_Data segment:_
+++
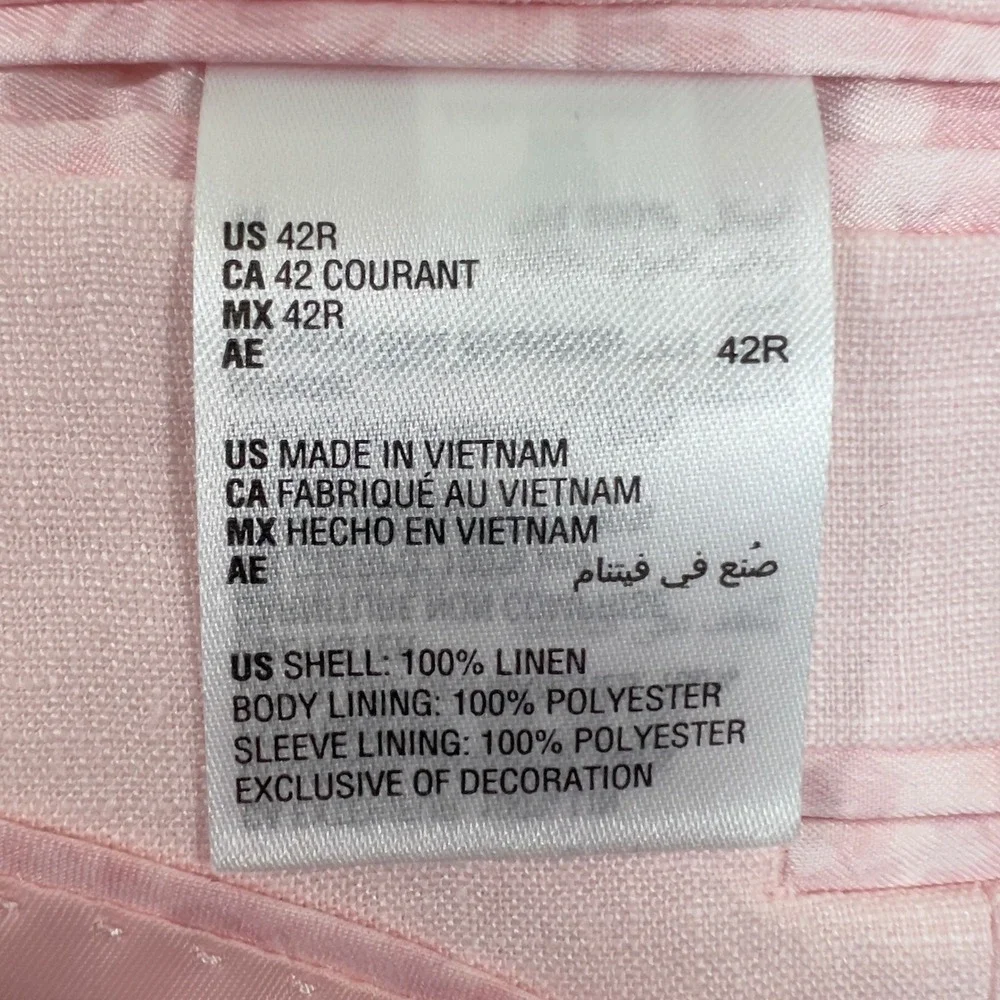 Bar III Linen Blazer Mens 42R Pink Solid Slim Fit Summer Lightweight Sport Coat
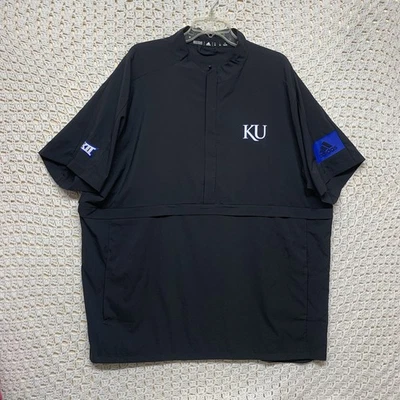 University of Kansas Jayhawks Adidas Shirt Men’s 2XL Black 1/4 Zip Short Sleeve - Image 1 of 4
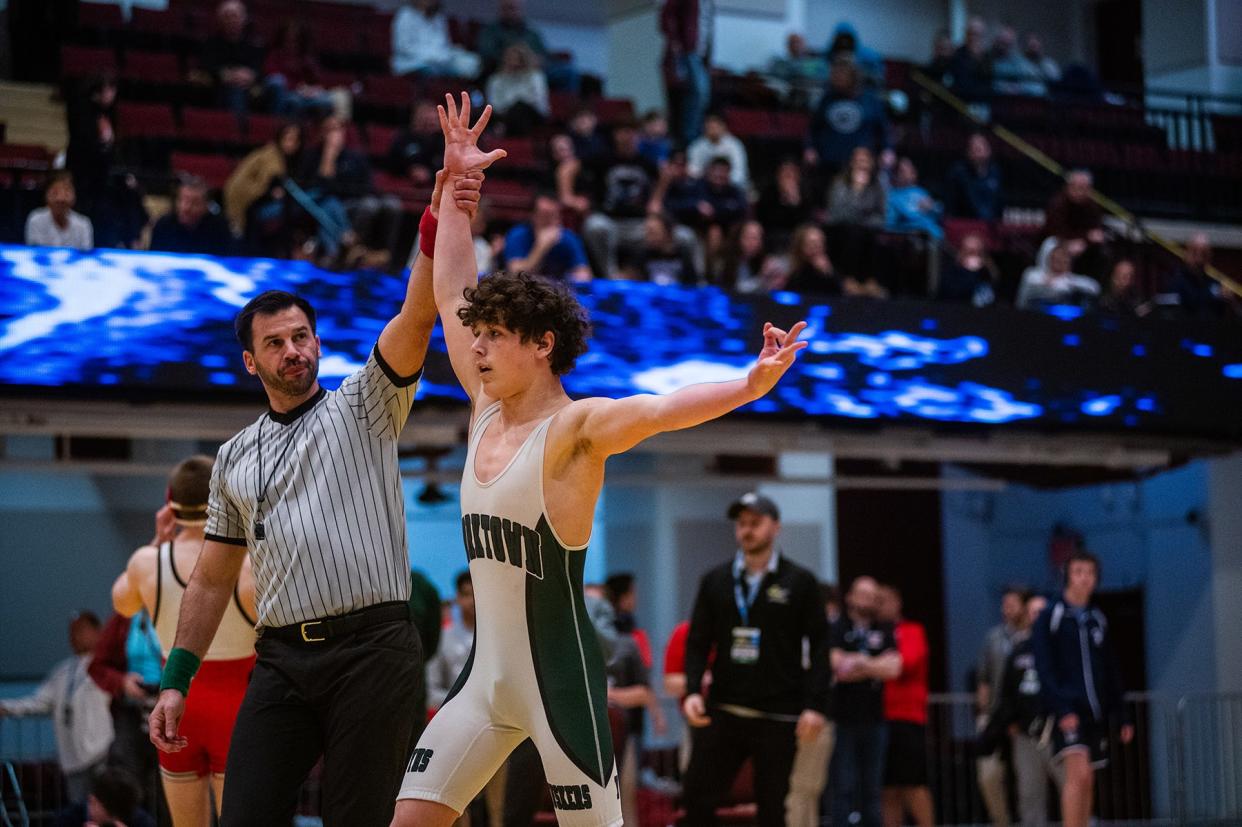 Yorktown's Joseph Tornambe wins the 138 pound weight class during the Section 1 division 1 wrestling championship in White Plains, NY on Sunday, February 11, 2024.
+++
Only the lines from the one that holds "University of Kansas" through the final line of the material should be reproduced, word for word, with the pictures omitted.

_Solution for this problem:_
 University of Kansas Jayhawks Adidas Shirt Men’s 2XL Black 1/4 Zip Short Sleeve - Image 1 of 4
 Yorktown's Joseph Tornambe wins the 138 pound weight class during the Section 1 division 1 wrestling championship in White Plains, NY on Sunday, February 11, 2024.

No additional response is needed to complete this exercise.